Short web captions
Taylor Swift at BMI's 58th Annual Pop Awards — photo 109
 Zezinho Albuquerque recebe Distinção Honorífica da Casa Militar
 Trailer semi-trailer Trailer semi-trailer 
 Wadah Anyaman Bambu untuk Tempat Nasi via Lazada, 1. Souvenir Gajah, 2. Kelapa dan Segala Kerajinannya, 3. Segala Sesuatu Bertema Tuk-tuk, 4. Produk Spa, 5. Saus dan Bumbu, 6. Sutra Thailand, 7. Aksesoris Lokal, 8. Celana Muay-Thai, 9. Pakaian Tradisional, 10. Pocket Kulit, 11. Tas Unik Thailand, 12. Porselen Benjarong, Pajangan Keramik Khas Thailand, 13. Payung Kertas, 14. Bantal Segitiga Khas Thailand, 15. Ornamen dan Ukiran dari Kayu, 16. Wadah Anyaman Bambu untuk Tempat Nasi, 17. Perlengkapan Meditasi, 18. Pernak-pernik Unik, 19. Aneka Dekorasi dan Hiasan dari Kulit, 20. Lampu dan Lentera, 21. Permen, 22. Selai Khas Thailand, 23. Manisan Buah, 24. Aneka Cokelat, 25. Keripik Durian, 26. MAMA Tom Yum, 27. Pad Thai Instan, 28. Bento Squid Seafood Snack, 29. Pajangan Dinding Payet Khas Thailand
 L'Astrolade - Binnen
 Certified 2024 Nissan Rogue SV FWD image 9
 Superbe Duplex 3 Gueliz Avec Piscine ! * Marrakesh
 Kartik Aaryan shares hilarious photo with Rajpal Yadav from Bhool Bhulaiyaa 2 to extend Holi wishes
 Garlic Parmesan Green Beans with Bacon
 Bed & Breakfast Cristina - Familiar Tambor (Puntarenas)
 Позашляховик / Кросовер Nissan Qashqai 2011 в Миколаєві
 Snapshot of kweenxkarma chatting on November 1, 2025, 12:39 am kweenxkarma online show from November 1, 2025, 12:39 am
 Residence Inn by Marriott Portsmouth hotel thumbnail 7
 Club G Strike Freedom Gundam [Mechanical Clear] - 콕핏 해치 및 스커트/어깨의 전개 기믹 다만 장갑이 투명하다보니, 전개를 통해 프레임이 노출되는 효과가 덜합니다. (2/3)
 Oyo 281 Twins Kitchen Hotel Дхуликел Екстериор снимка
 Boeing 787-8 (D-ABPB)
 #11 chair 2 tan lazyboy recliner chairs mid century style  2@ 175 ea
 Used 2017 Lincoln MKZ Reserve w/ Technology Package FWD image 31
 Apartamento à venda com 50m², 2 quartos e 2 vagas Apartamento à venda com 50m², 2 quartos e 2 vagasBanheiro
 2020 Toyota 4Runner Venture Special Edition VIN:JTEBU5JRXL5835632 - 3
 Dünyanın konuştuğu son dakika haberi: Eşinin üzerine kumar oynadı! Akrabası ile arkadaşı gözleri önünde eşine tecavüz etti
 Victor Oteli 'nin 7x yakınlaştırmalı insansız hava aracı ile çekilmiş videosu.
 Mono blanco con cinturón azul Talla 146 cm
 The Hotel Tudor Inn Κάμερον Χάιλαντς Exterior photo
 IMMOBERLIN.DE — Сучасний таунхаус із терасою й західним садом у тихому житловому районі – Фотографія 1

Work instructions:
Give back, exactly and with nothing added, the lines from the line containing "Snapshot of kweenxkarma" through the final line of the records above, both of them included.

Result below:
 Snapshot of kweenxkarma chatting on November 1, 2025, 12:39 am kweenxkarma online show from November 1, 2025, 12:39 am
 Residence Inn by Marriott Portsmouth hotel thumbnail 7
 Club G Strike Freedom Gundam [Mechanical Clear] - 콕핏 해치 및 스커트/어깨의 전개 기믹 다만 장갑이 투명하다보니, 전개를 통해 프레임이 노출되는 효과가 덜합니다. (2/3)
 Oyo 281 Twins Kitchen Hotel Дхуликел Екстериор снимка
 Boeing 787-8 (D-ABPB)
 #11 chair 2 tan lazyboy recliner chairs mid century style  2@ 175 ea
 Used 2017 Lincoln MKZ Reserve w/ Technology Package FWD image 31
 Apartamento à venda com 50m², 2 quartos e 2 vagas Apartamento à venda com 50m², 2 quartos e 2 vagasBanheiro
 2020 Toyota 4Runner Venture Special Edition VIN:JTEBU5JRXL5835632 - 3
 Dünyanın konuştuğu son dakika haberi: Eşinin üzerine kumar oynadı! Akrabası ile arkadaşı gözleri önünde eşine tecavüz etti
 Victor Oteli 'nin 7x yakınlaştırmalı insansız hava aracı ile çekilmiş videosu.
 Mono blanco con cinturón azul Talla 146 cm
 The Hotel Tudor Inn Κάμερον Χάιλαντς Exterior photo
 IMMOBERLIN.DE — Сучасний таунхаус із терасою й західним садом у тихому житловому районі – Фотографія 1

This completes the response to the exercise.